Without question the our favourite part about being Makers is seeing our ideas come to life. There is nothing quite as satisfying as seeing the proverbial “Hello world!” message when you flip the power switch or run an app for the first time. Our favourite-favourite part is then refining our ideas to make commercially-viable products so we can create revenue for our company. Our least favourite part is hunting down well hidden bugs, which can also be the most challenging part. But without challenges to overcome, and the headaches that come along with them, Makers would not get the same satisfaction out of their creations!

.How else does the passion for making manifest in your life? Where does it come from?

Making is really a state of mind. Once you’re there, good luck keeping it from permeating the other areas of your life. An example of this is spending all day trying to optimize a solution in the office. When you go home and make tacos for dinner, I bet they won’t end up being the base solution of ground beef, salt, and tortillas. Those babies will be optimized with cilantro, spices, guacamole, salsa and of course mucho queso!

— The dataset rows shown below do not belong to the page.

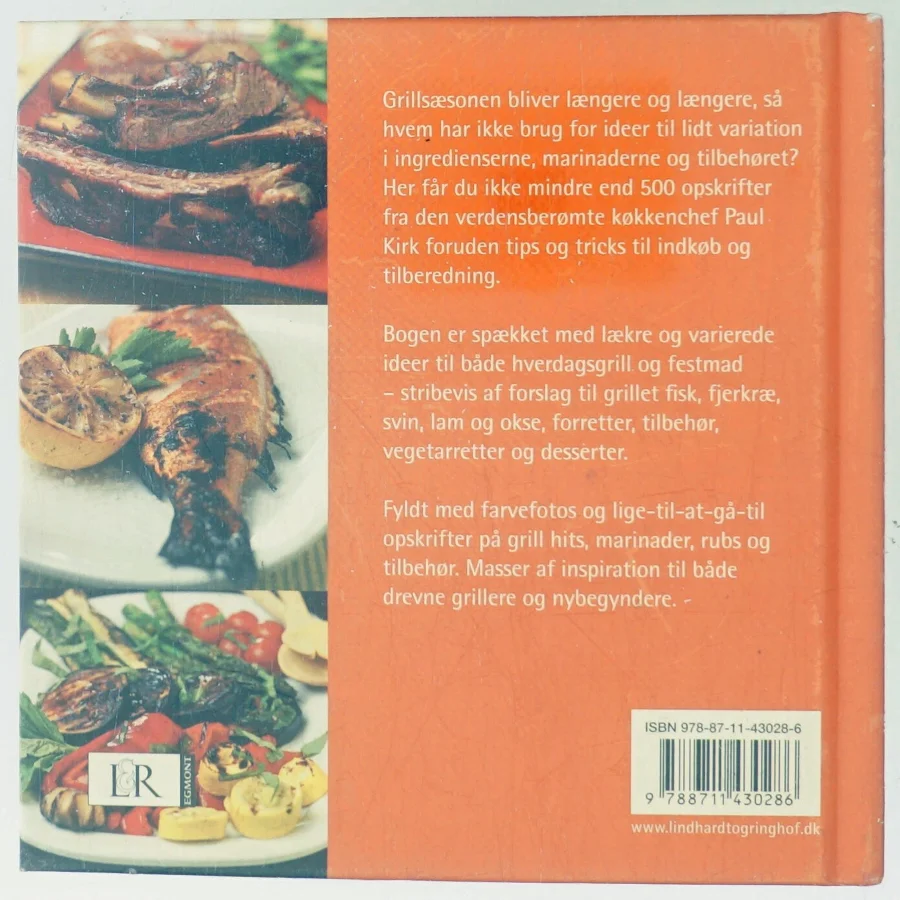 500 grill-hits af Paul Kirk (Bog)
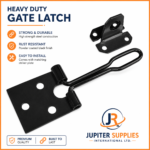 Wire Hasp & Staple 75mm and 100mm perfect for locking sheds, Hutches and gates
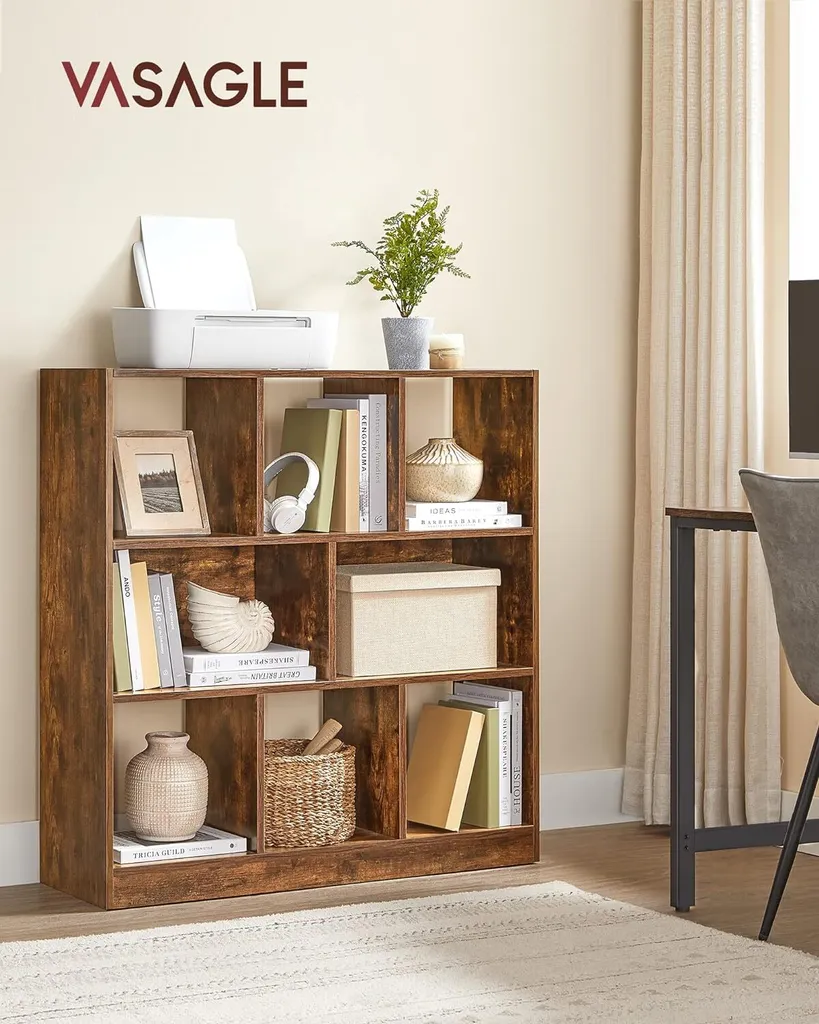 Cloison de séparation design avec compartiments ouverts 30 x 100 cm - 2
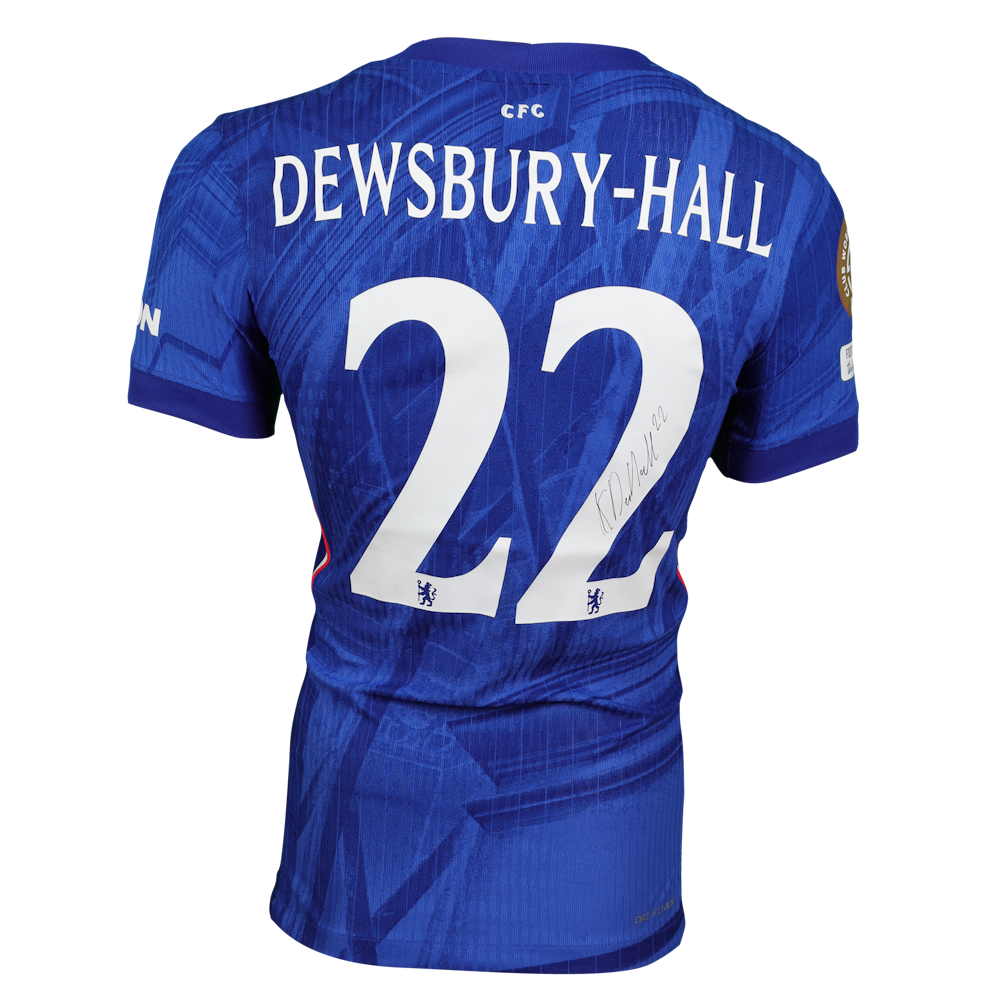 Kiernan Dewsbury-Hall | SL Benfica - Chelsea | MatchWornShirt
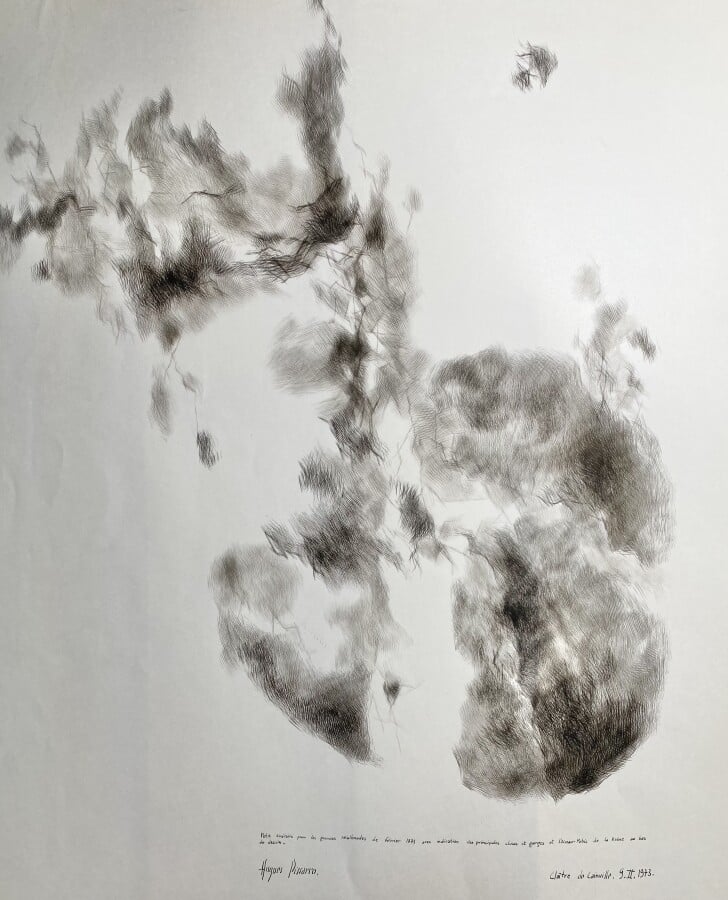 Michel HILD (XX)."Cristallin" lithographie, signée en bas à droite, dédicacée,…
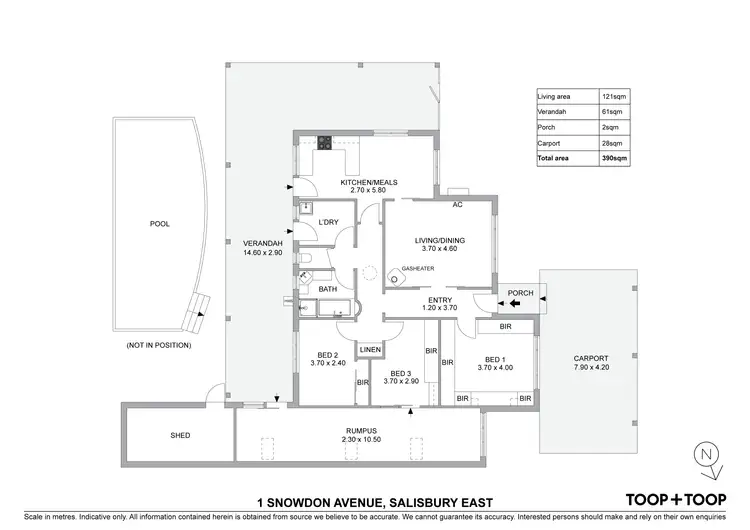 Floorplan of Homely house listing, 1 Snowdon Avenue, Salisbury East SA 5109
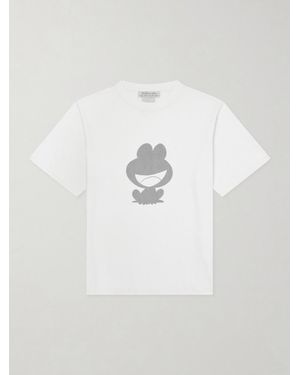 Remi Relief Frog Printed Cotton-Jersey T-Shirt - White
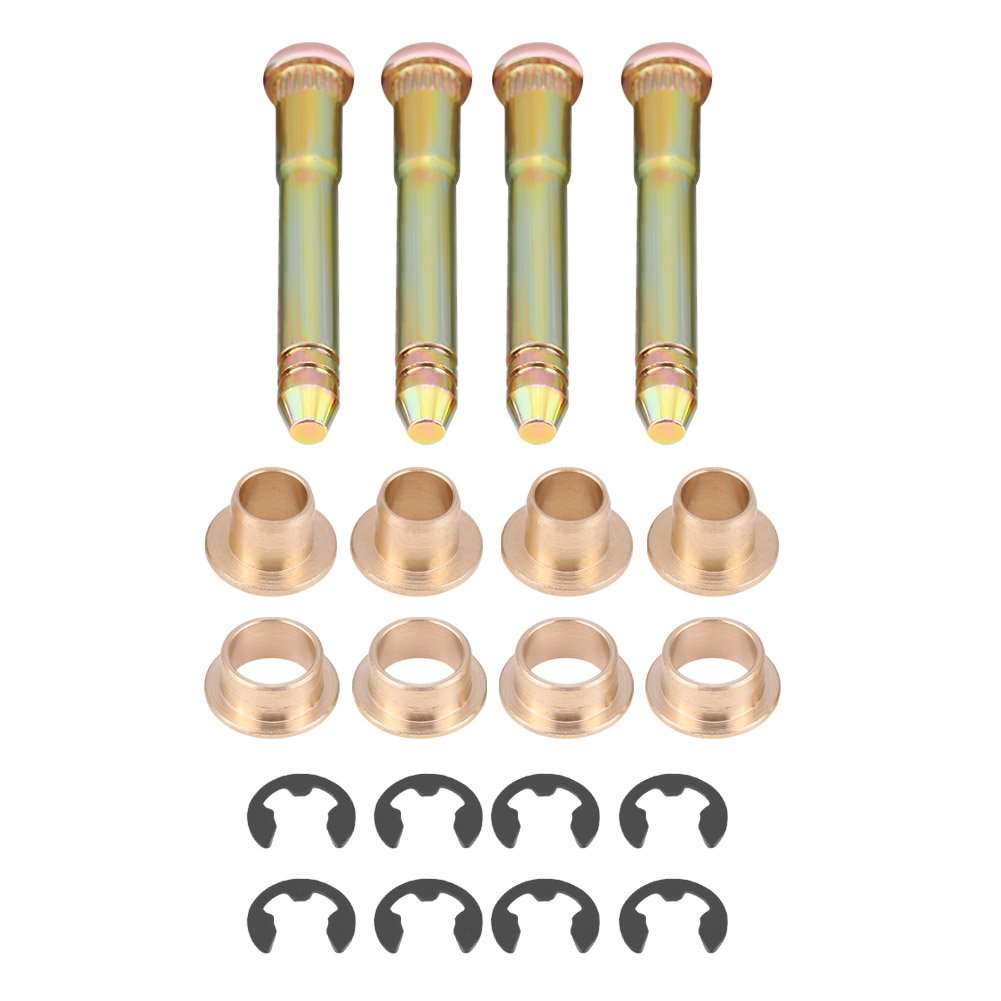 Türscharnier-Reparatursatz, Türscharnierstift-Buchsen-Reparatursatz, 4 Stück Autotürscharnierstift 8 Stück Türbuchsen E-Ring-Clips für Honda Civic Accord Cr V CRX CX DX EX SI EG6 B16 D16 EK von PerGar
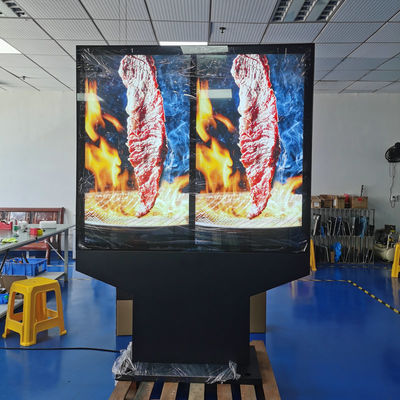 acheter 55-Inch Outdoor Waterproof Dual-Screen Menu Board With Sunscreen Thermal Treatment Middle East Available fabrication en ligne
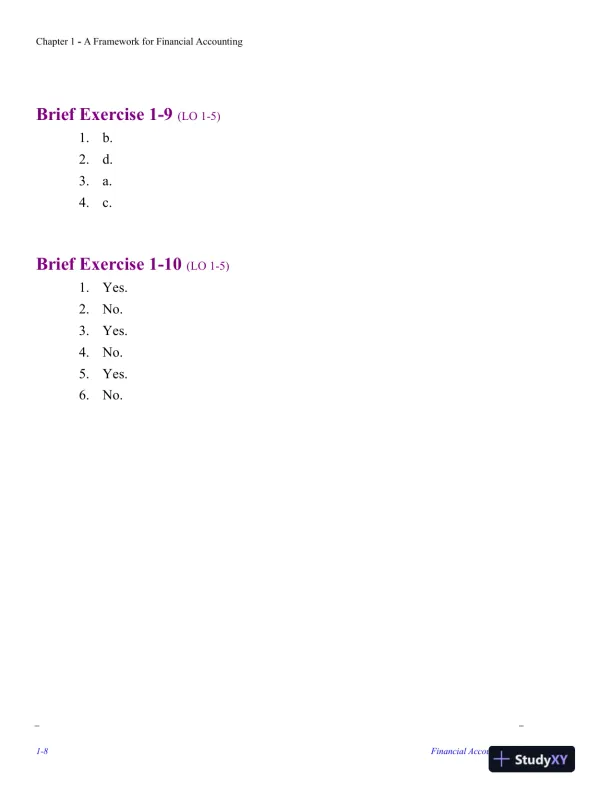 Solution Manual for Financial Accounting, 5th Edition - Page 9 preview image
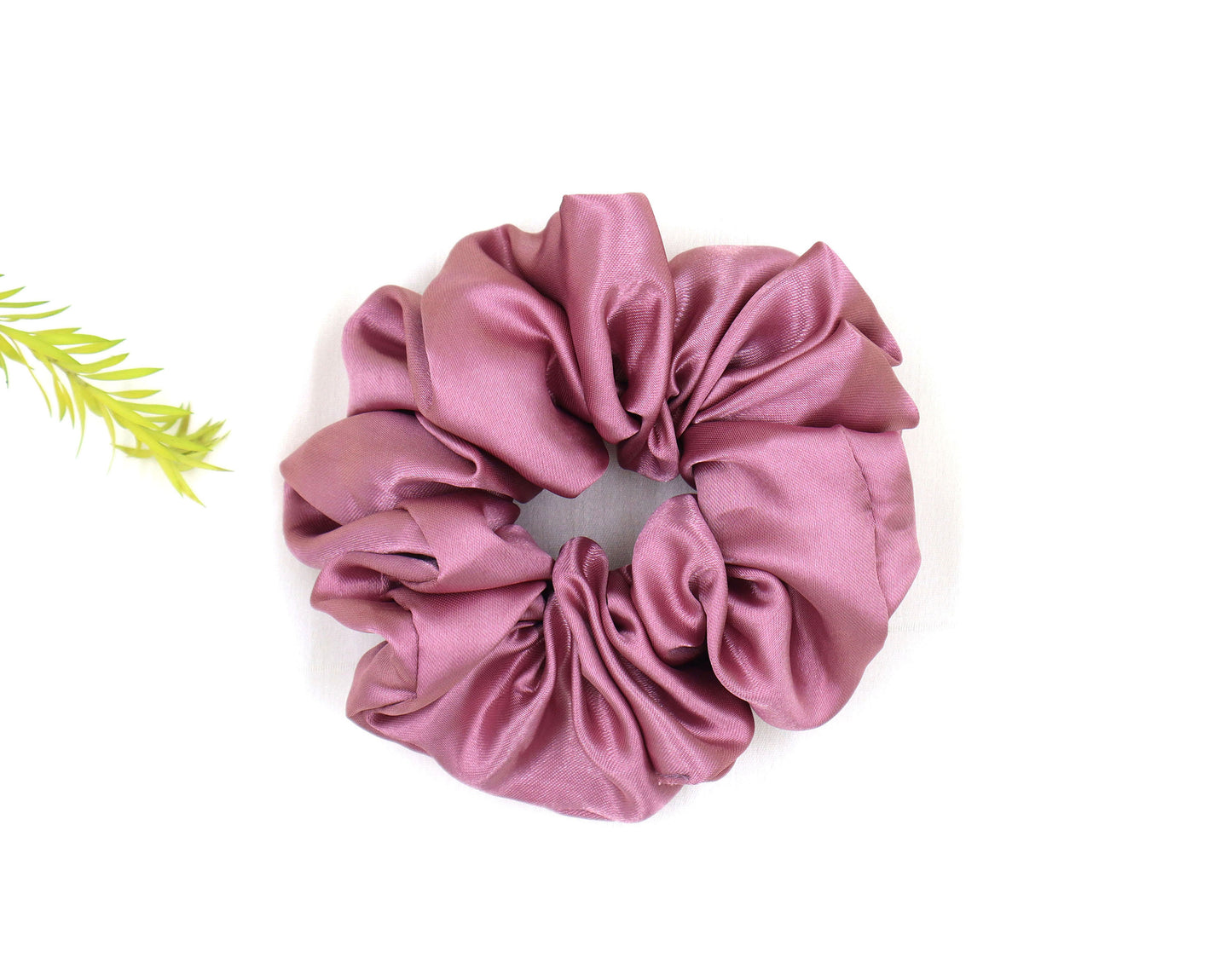 Luxury Satin Scrunchies-  Magenta,blush pink & Dusty rose  (Xl Size) - Set of 3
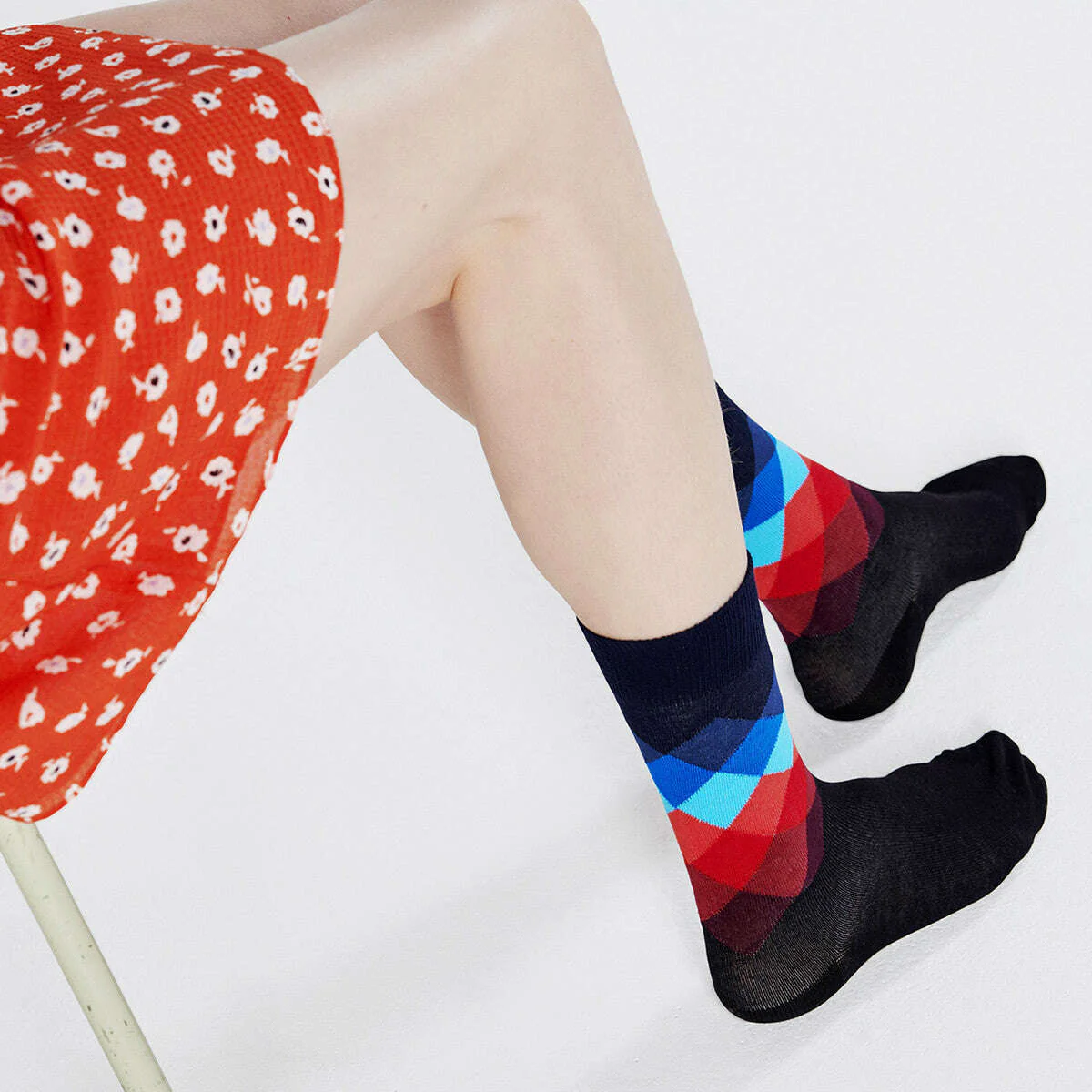 Happy Socks: Faded Diamond Sock (069) - 41-46 - Image 3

.Have you been a maker your whole life? What’s your earliest memory of making ?

 Yes we have! Some of our earliest memories of Making include ‘playing’ with Duplo. Looking back on this now we all agree that we were in fact developing job skills that we’ve since applied in our careers in the tech industry. Another memory that often pops up is that of taking things apart to see how they work. I have to admit that I struggle not to take my toaster apart on a daily basis… I know how it works, but maybe this one is something different than the 10+ I set my parents’ kitchen on fire with when I was 7. Those were bad years for household appliances!

.Who’s your favourite Maker? Other than yourself.

Nikola Tesla is my favourite Maker of all time hands down. Not only were his ideas huge and crazy, he was a genius and actually turned his waaaay-out-there concepts into super useful technology!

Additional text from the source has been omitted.